Göğüs kafeslerine, kafatasları, akciğerler ve bacaklara basılan plakların çoğunda Batı müzikleri vardı. Duke Elligton, Elvis ve Beatles’ın notaları, Sovyet vatandaşların kemiklerinde hayat buluyordu. Sesler, özel bir cihaz aracılığıyla röntgen filmlerine aktarılıyor ve bu filmler tırnak makasıyla 23-25 cm çapında daireler halinde kesilip, ortaları sigarayla deliniyordu. Bu kayıtlara “roentgenizdat” (röntgen ve yayıncı kelimelerinden türetilmiş), “kaburgalar” ya da “kemikli Jazz” diyorlardı. Talep büyüktü ve Ruslan bu uğurda 15 yılda üç defa hapse girdi. Ama yılmadı. Bu yeraltı müzik akımının sonunu ise Sovyet hükümeti değil, o zamanların yeni teknolojisi kaset getirdi.
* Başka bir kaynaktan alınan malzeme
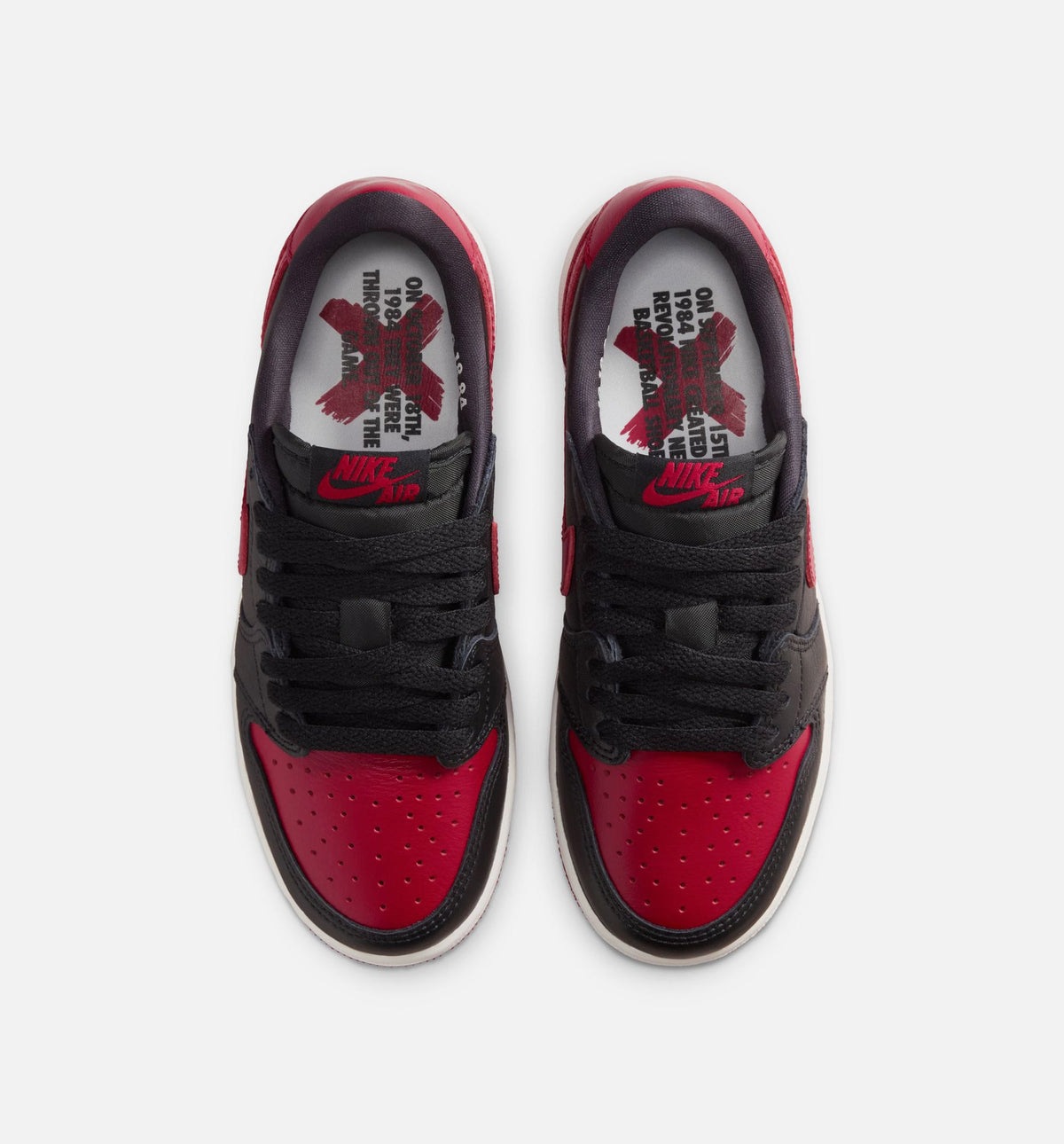 Air Jordan 1 Retro Low OG Banned – Grade School Lifestyle Sneaker (Black / Varsity Red)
30’larda buldu Flaş baba oldu
MIT elektrik mühendisliği profesörü Harold Eugene Edgerton, hareket hâlindeki nesneleri ve olayları daha iyi gözlemlemek için1930’ların başında bir teknik geliştirdi. Stroboskopları, yani düzenli aralıklarla ışık veren lambaları kullanmaya başlayan Edgerton, birçok çarpıcı fotoğraf çekti. Saniyede 120 defa çakan bu cihazla çektiği fotoğraflar çok sayıda sanatçıya ilham kaynağı oldu. Edgerton, belgesellerinde kullanması için Jacques Cousteau’ya, icat ettiği bu elektronik flaş teknolojisinden faydalanan kamera ve radarlar üretti. Tarihe “Flaş baba” olarak geçti.